The Fall - Uurop VIII-XII Places in Sun & Winter, Son
"Uurop VIII-XII Places in Sun & Winter, Son"
Smith’s infinite resilience and work ethic has become imperative to The Fall’s longevity, and their 12th live album documents the group’s most cohesive line-up to date. The habitual hire and fire approach once employed by Smith has since become a near-mythical thing of the past: any stories of unrest within the group are seldom heard, and contrary to the kind of apathy you would expect from a band 30 albums down the line, The Fall’s recent live sets -for all their flaws - have been some of their most prevailing. Mark E Smith is dogged as ever, and though less coherent, his casual, declamatory snarl remains a constant theme; what’s more, they are a noticeably tight collective.
Uurop VIII-XII Places in Sun & Winter, Son features live recordings of various European performances spanning from 2008-2012, with the vast majority of tracks coming from their last four studio albums.
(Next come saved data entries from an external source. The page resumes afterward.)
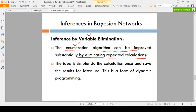The enumeration algorithm is improved this way. Instead of calculating values for all variables repeatedly, you eliminate some variables. You calculate once and save the results for later use — no need to calculate 20 or 30 times. Just calculate once, save the results, and reuse them when needed.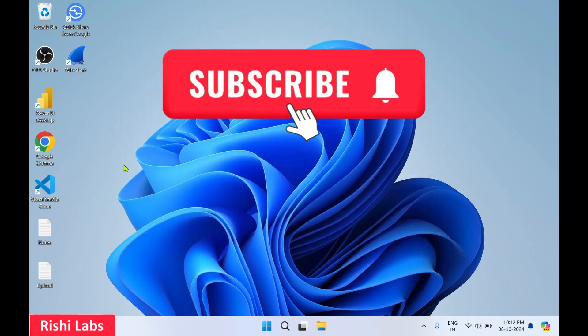So that's all for today. You can subscribe to my YouTube channel Rishi Labs. Thanks for watching.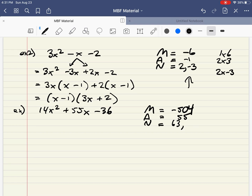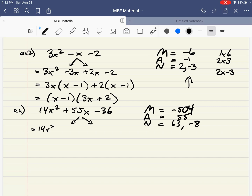So 63 and negative 8 are going to be the factors. 63 times 8 gives 504, and 63 minus 8 gives 55. Sometimes you've got to do trial and error. There's no times table that goes that high — it's just trial and error. I was using even numbers because 504 was even. So we're going to split that middle term up in 14x squared. I think the 8 will divide nicely with the 36 and the 63 might go with the 14, so let's put the 63 first.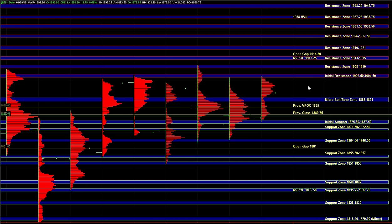On the downside, a break below 88 to 91 would signal short-term weakness or at the very minimum a lack of short-term strength and bring the gap fill at 80.75, the 79.75 overnight swing low into play and the initial support 75.5 to 77.5.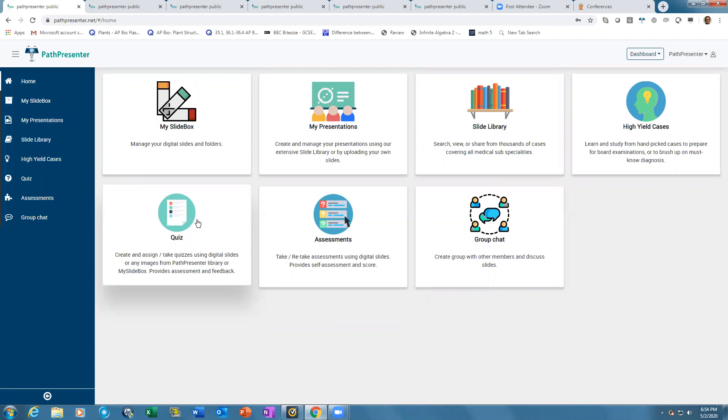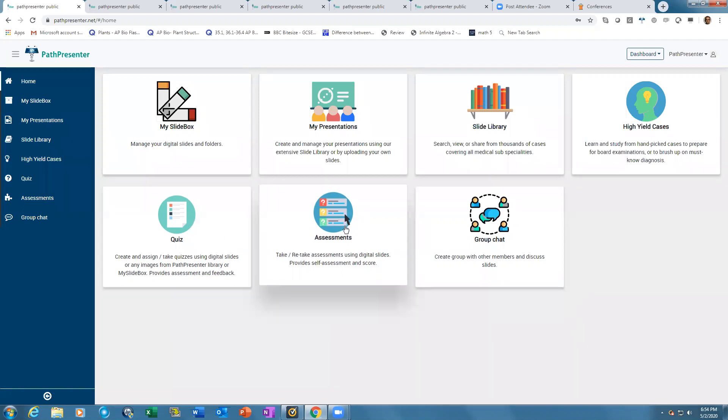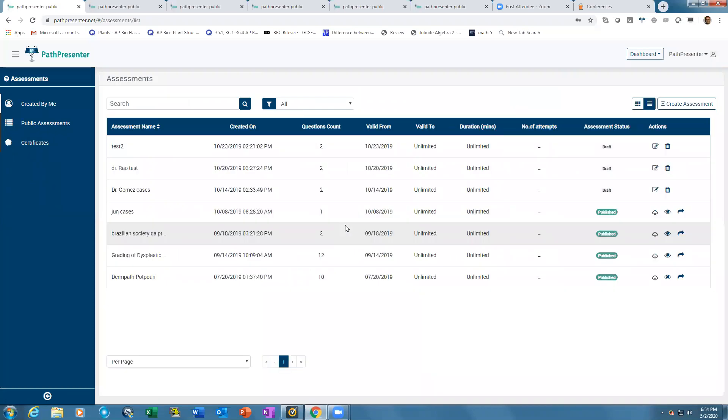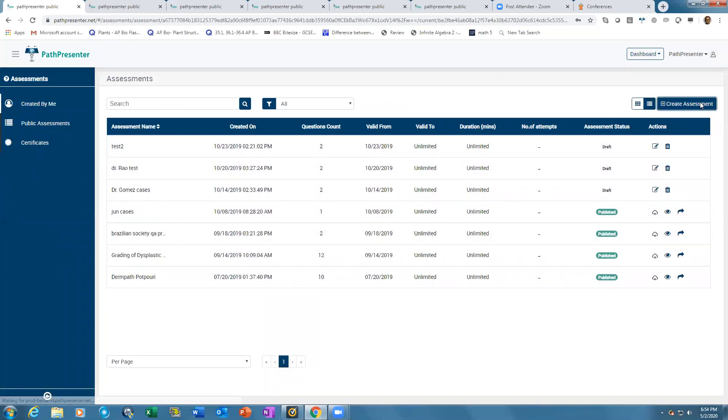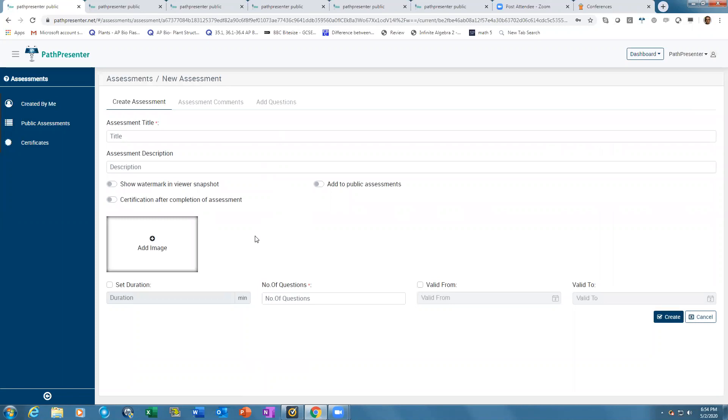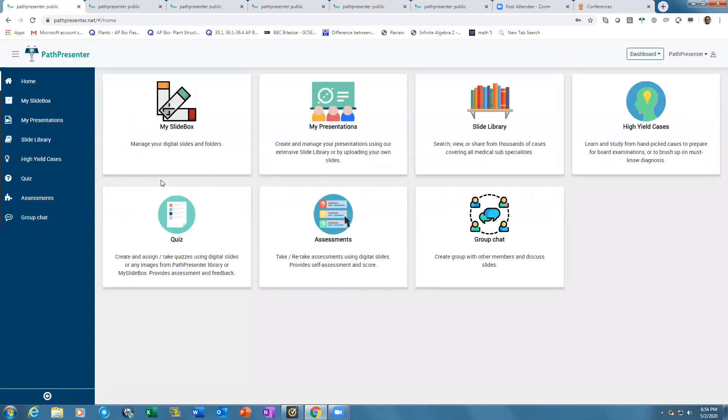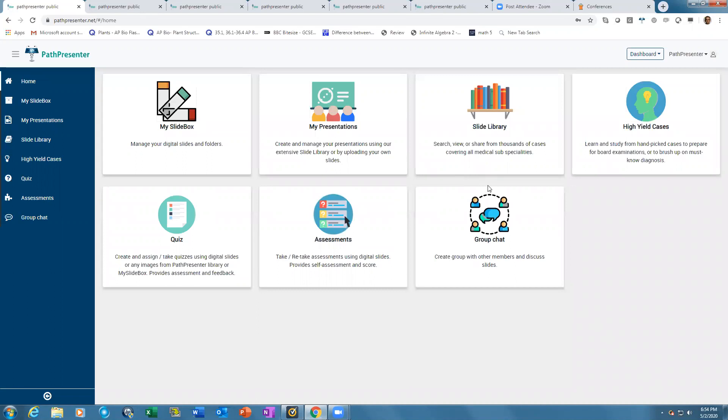Backend statistical modules allow creating visual representation of progress for evaluation. It's very easy to build an assessment and share it. Put in all the features, then add questions by adding digital slides or radiology images from your slide box or the slide library.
Distinctly basic, Uurop VIII-XII... lacks the scrawled album art and extensive liner notes of many Fall records, with only the title alluding to the origins of these twelve live recordings. As with many of the songs here, the stark typography represents the band in favour of a grittier and stripped down approach, the line up has been expanded to accommodate a second drummer Daren Garratt, and the heavy rock guitar of the 2000s is only slightly eschewed to allow more space for Elena Poulou’s Korg.
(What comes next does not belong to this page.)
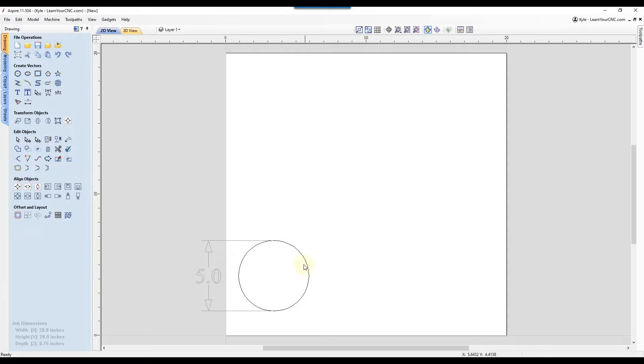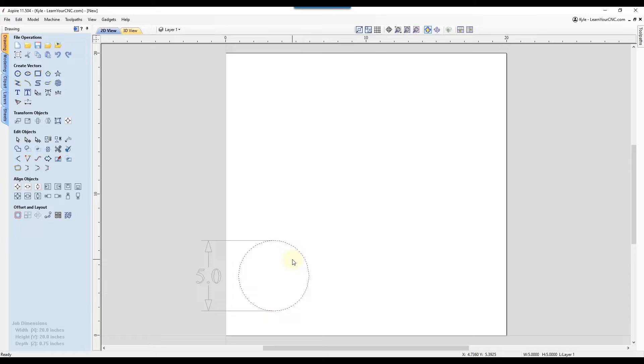So you can see this circle I have currently drawn on the screen. It is 5 inches in diameter. And let's say you wanted to make that 10 inches in diameter.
Most of the tracks here are typical of recent set lists from The Fall - concentrating mostly on the present rather than the past - Smith has no predilection for nostalgia, with only one or two songs originating from the glory days of yore. It opens with "Wings (With Bells)", a revered, elusive number that featured as a bonus track on a reissue of 1983’s Perverted by Language. It’s similarly dense here, packing more of a punch with the inclusions of Elena’s harsher keyboard notes. Elsewhere, more recent tracks predominate, namely "Jet Plane", which, on record, stands above most of the other material on Re-Mit in terms of coherence, but here it’s more erratic; a pleasingly ramshackle, seemingly elongated version of the original.
A lot of live Fall albums have compromised sound quality, with fans of the band expecting even official issues to have dodgy audio fidelity, but Uurop VIII-XII Places in Sun & Winter, Son arguably sounds the best of any live Fall record that preceded it.
To most Fall neophytes, Uurop VIII-XII Places in Sun & Winter, Son might sound awkward and simplistic- but there’s a method to the madness, and what might seem sloppy and arbitrary is often purposefully playful. Fantastically frantic and multilayered, Uurop VIII-XII Places in Sun & Winter, Son appropriately captures a live Fall experience in 2014, and reiterates just how durable the current line up is.